British lawyers are more likely to be bullied in the workplace than their colleagues elsewhere in the world, the largest ever global study of bullying and sexual harassment in the legal profession has found.

But it suggested that adopting anti-bullying policies, despite a lack of confidence in them, did have a positive impact on behaviour.

Almost two-thirds (62%) of female and 41% of male lawyers in the UK said they had been bullied, compared to international averages of 55% and 30%.

The proportion of women reporting sexual harassment was slightly above the norm at 38%, compared to 36.6% globally, while for men it was slightly below at 6%, compared to 7.4%.

The International Bar Association (IBA) said its report Us Too? Bullying and Sexual Harassment in the Legal Profession was based on responses from 6,980 lawyers around the world, of which 715 were from the UK.

One female UK lawyer was quoted as saying: “I was advised by the (female) practice manager that if I showed a sexual interest in my principal, he would be nicer to me. This was after he had thrown a phone at my head.”

A man at a barristers’ chambers said: “I often received comments from my supervisor that she wanted to ‘fuck me’. Any conversation would seem to have a sexual reference in it.”

The IBA found that lawyers in the UK who reported bullying had an “overwhelmingly negative” experience.

A large majority (82%) described the response of their employers as “insufficient or negligible”, while in 84% of cases the perpetrator was not sanctioned.

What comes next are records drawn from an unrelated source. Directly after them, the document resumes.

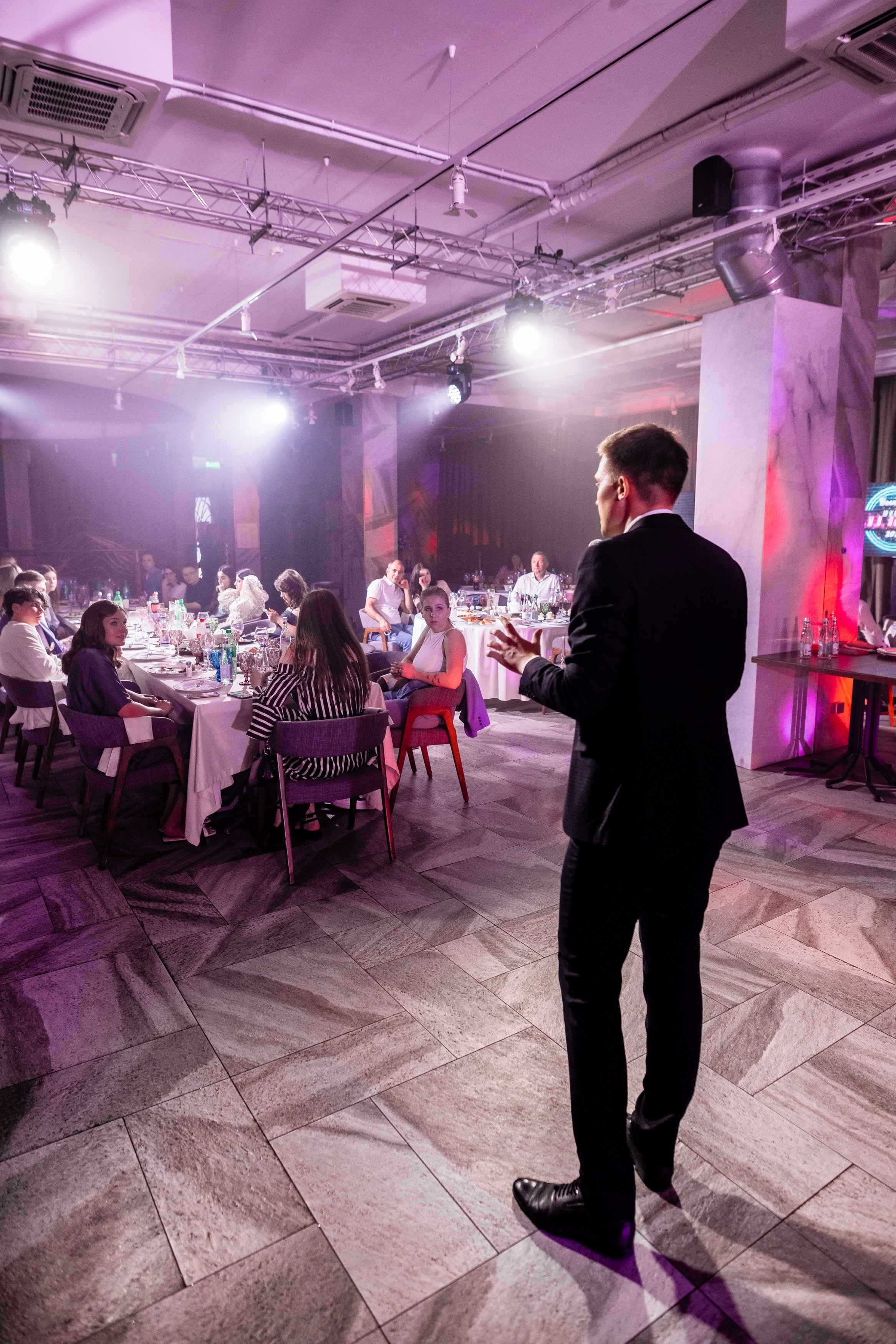 Выпускной школьный 2. Свадебный фотограф в Нижнем Новгороде и Москве Николай Майоров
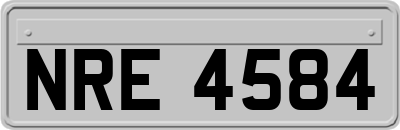 NRE4584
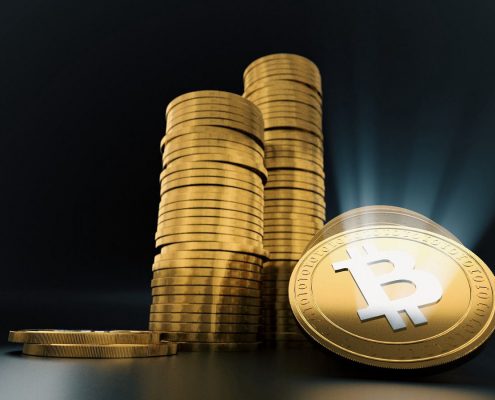 قیمت بیت کوین و ارز دیجیتال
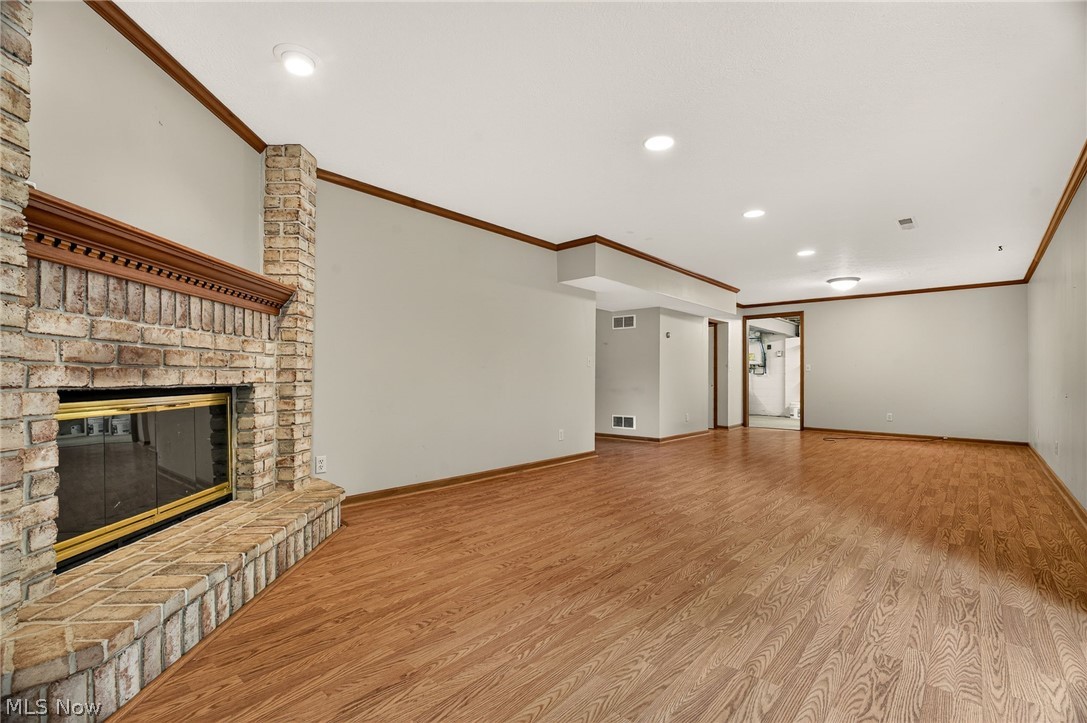 1992 Rheam Road Clinton OH 44216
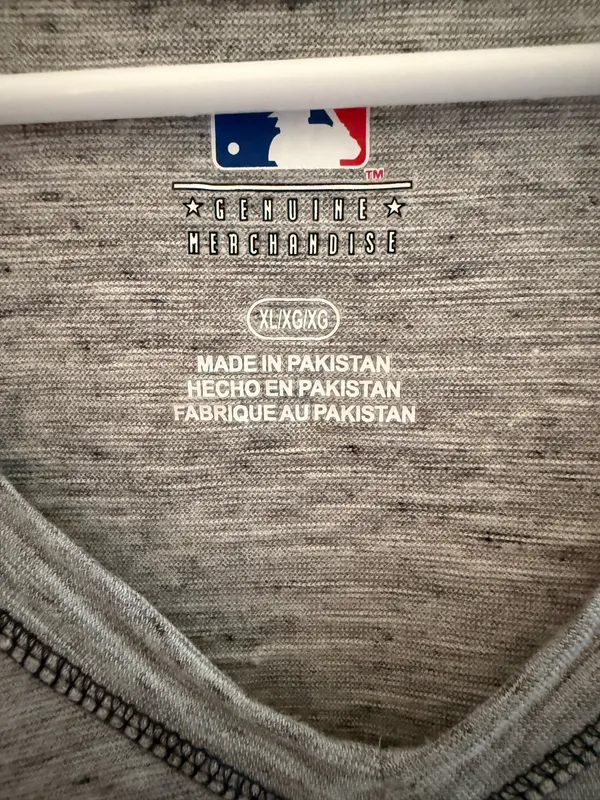 Genuine Merchandise Orioles MLB Tee - Image 2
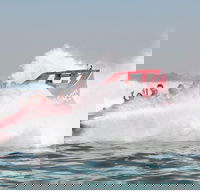 Busselton 30-Minute Jet Boat Thrill Ride - Accommodation Cairns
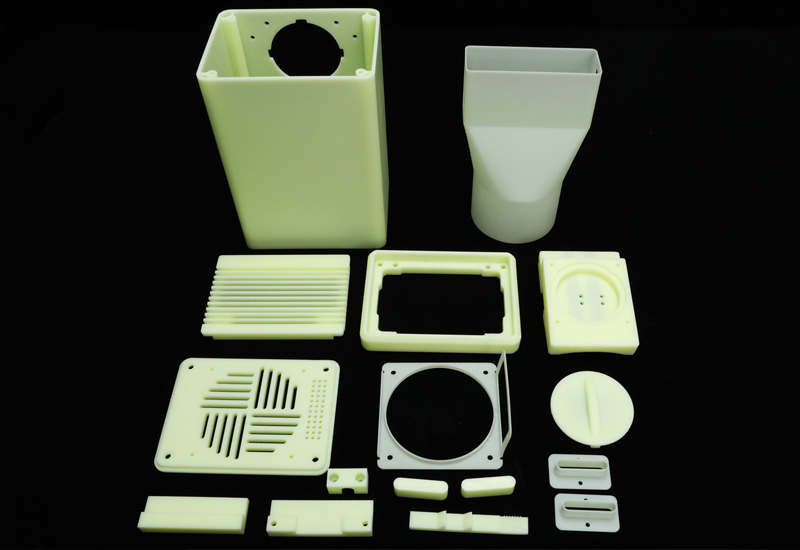 3d打印定制手板怎么做？3d打印定制手板有什么制作技巧？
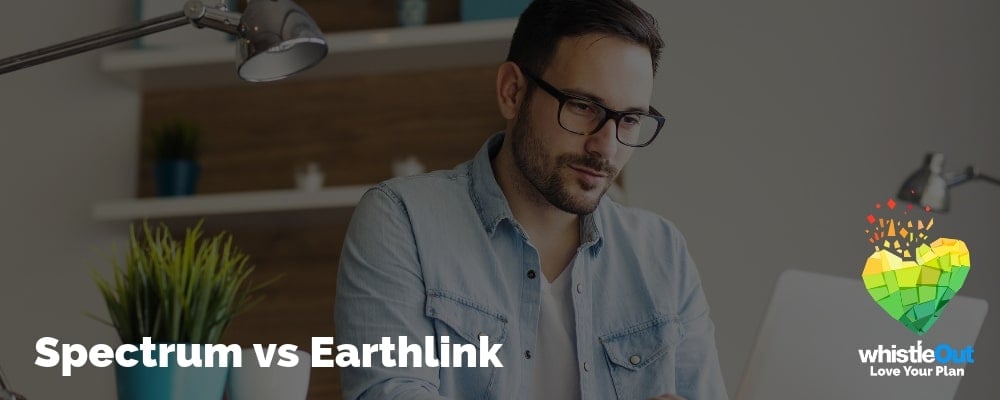 Spectrum vs Earthlink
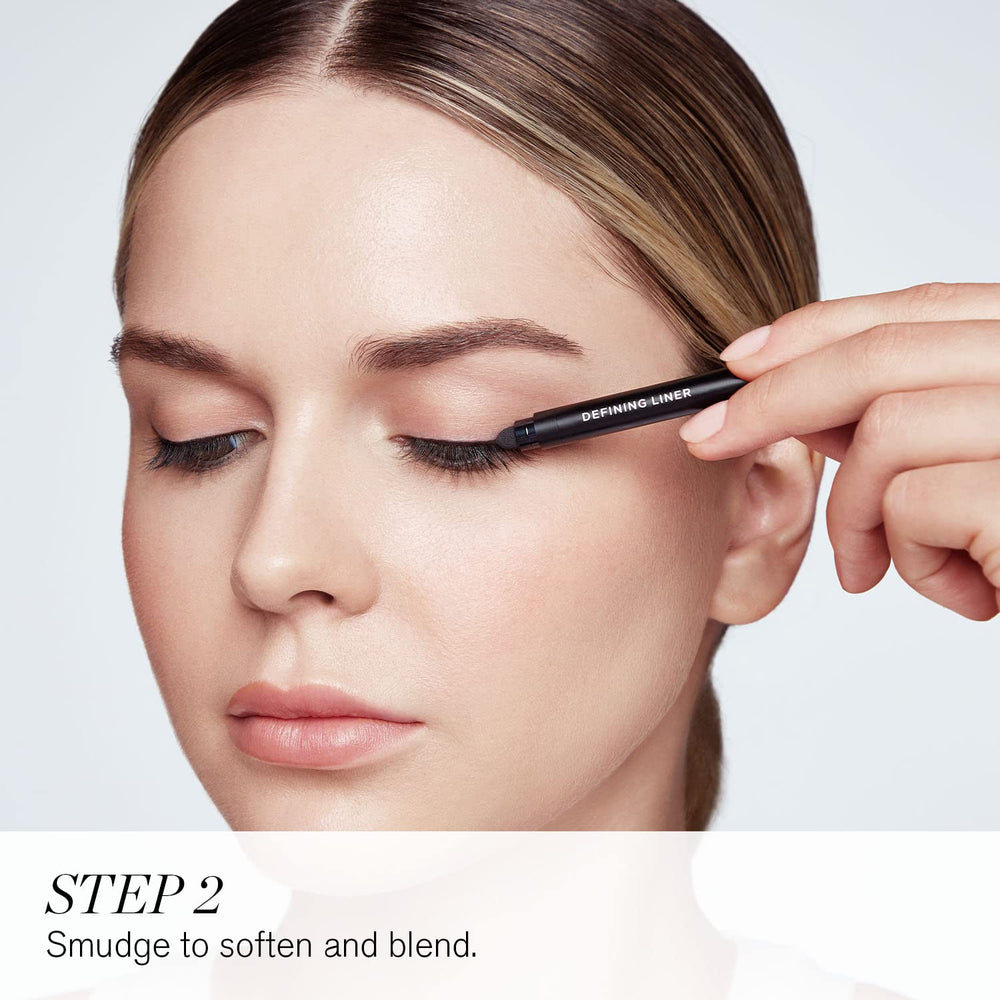 RevitaLash product label highlighting hypoallergenic and cruelty-free features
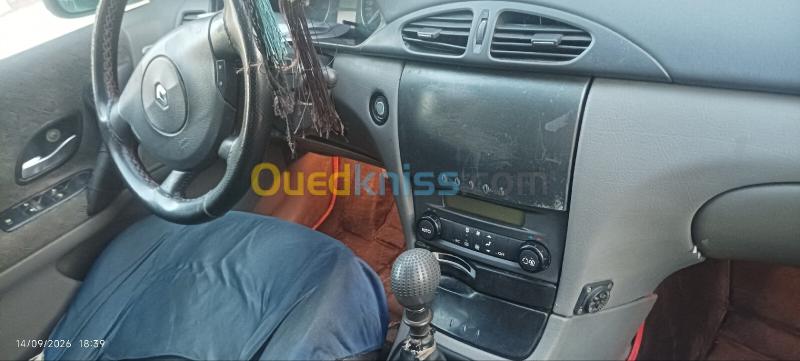 Renault Laguna 2 2002 Expression 2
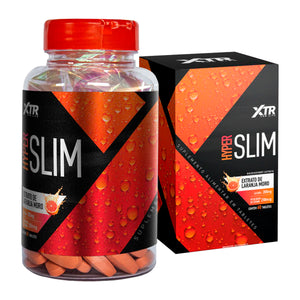 HYPER SLIM 60 CAPS - XTR
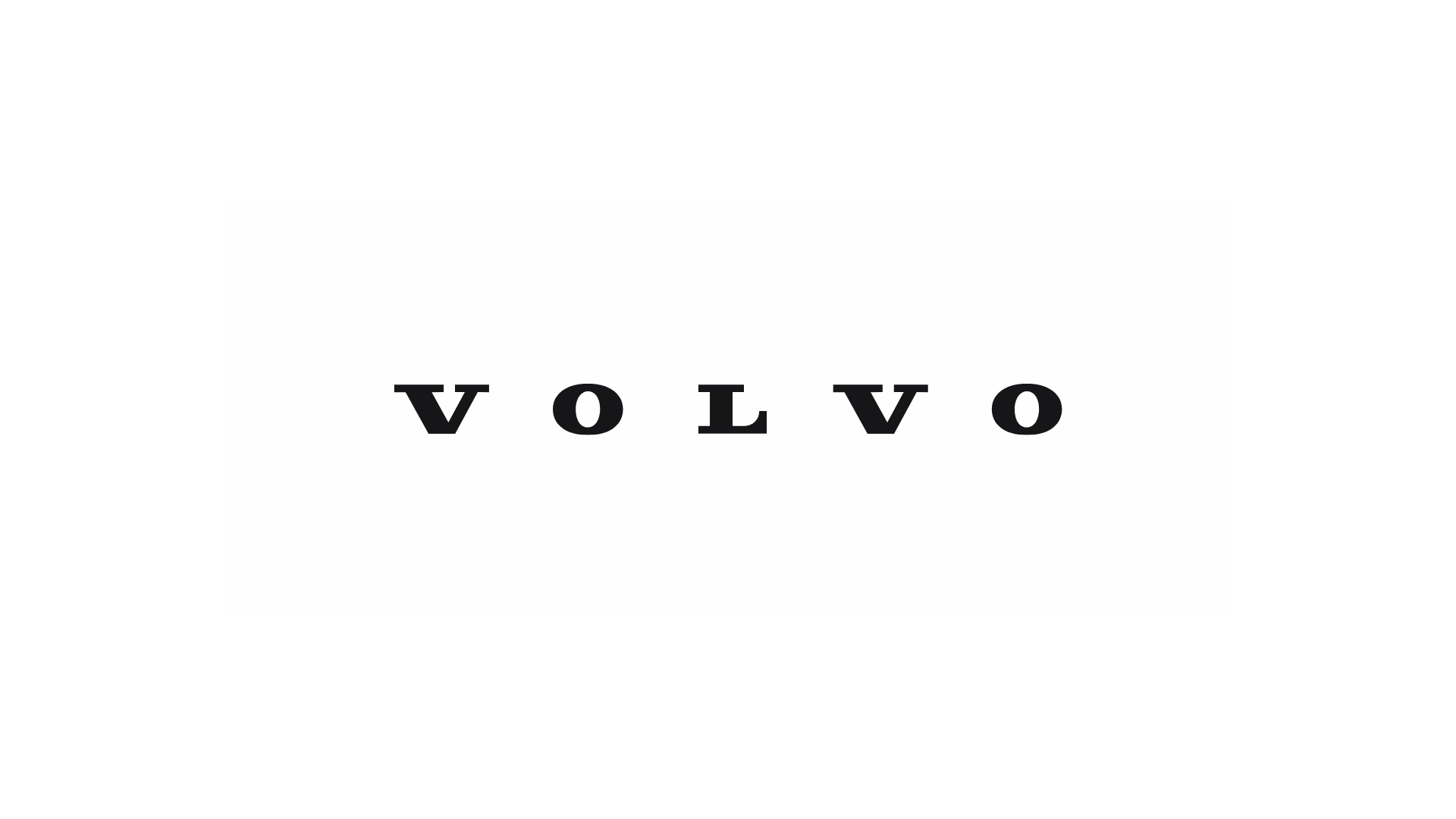 5. Volvo
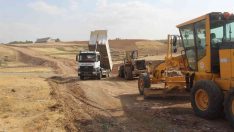 Başkan Turanlı, “İmkanlarımızı sonuna kadar değerlendiriyoruz”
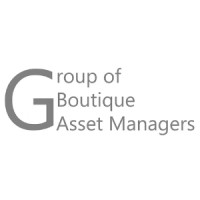 Group of Boutique Asset Managers (GBAM) logo - Similar company to Mercer Norge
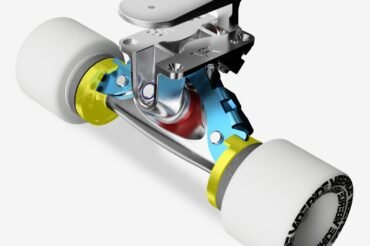 Do Electric Longboards Have Brakes? Discover the Truth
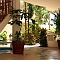 Cortile interno
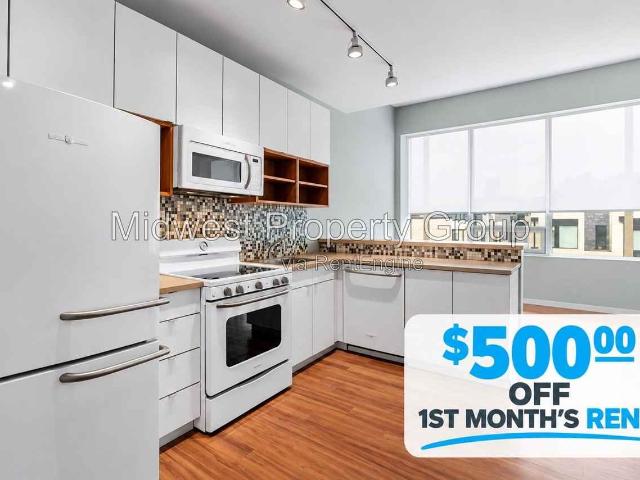 Apartment for rent in Saint Louis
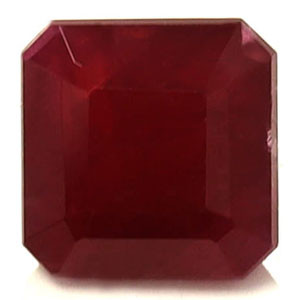 Emerald 1.41 Red Ruby - #1079604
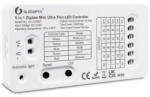 Gledopto GL-C-002P (6A), Zigbee Pro 5-az-1-ben Mini LED vezérlés (Zigbee+RF) 5V-24V DC, 6A (GLE-REL-C002P-6A)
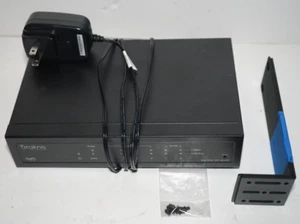 Araknis AN-300-RT-4L2W Router With Server Rack Mounts - Picture 1 of 3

Those who reported sexual harassment did not fare much better, with 71% describing the response as “insufficient or negligible”, and 74% of cases not being reported in the first place.

“The partners closed ranks around the perpetrator [of seriously inappropriate physical contact],” the report quoted one UK woman saying.

“The firm did nothing to sanction him and later promoted him into a more senior, but marginally less public position. They offered me no support or reassurances about my career. I felt I had no choice but to leave.”

Legal workplaces in the UK were far more likely to have anti-bullying policies in place than the international average – 79% compared to 53%.

Despite limited confidence in those responsible for the policies (60% in the UK, compared to 65% internationally), the IBA said British lawyers at workplaces with policies in place experienced “considerably less” bullying.

“There is also a link between workplaces running training and less bullying and sexual harassment occurring in those workplaces.

“While training does not appear to increase absolute reporting rates, and perceptions of efficacy are poor (8% said the training was excellent while 33% rated the programme as insufficient or negligible), those who have been trained are more likely to use internal workplace channels to report incidents.”

The IBA said its report showed that bullying and harassment were “rife in the legal profession” across the world, with “chronic underreporting of incidents”, particularly in sexual harassment cases.

The most common type of bullying was ridicule or demeaning language, followed by “overbearing supervision, undermining of work output or constant unproductive criticism”, misuse of power or position, “being deliberately given too much or too little work or work inadequate to the position” and exclusion or victimisation.

The IBA called on employers to revise and implement policies and standards, introduce regular training and improve existing reporting channels.

The association said there was “both appetite for change and an active coalition of stakeholders working towards it”, but the momentum had to be maintained.

“Change is not inevitable… there have been #MeToo-like moments before. During stakeholder engagement, one eminent academic mused that it felt like she had been discussing these issues for her entire (lengthy) professional life.

“Change will only occur through concerted, collective efforts. Otherwise, there is a risk that the #MeToo momentum will dissipate and a similar report will be written in another two decades, highlighting the same problems and again calling for change.”

The IBA recommended that employers consider establishing “permanent committees with mandates for maintaining efforts to address bullying and sexual harassment, alongside improving visibility of these issues at senior leadership levels”.

Bar associations and law societies “should take similar action, creating standing working groups and other institutional actors to initiate and implement strategies to eliminate such conduct”.

The IBA promised to carry out a follow-up survey to the report in five years’ time, and said its president, Horacio Bernardes Neto, would be publishing an open letter highlighting the report’s findings and calling for change.

A large-scale survey of lawyers around the world published by the IBA in December 2017, Women in Commercial Legal Practice, found “alarming levels of bullying and intimidation”, with half of the 4,000 female lawyers involved said they had experienced bullying.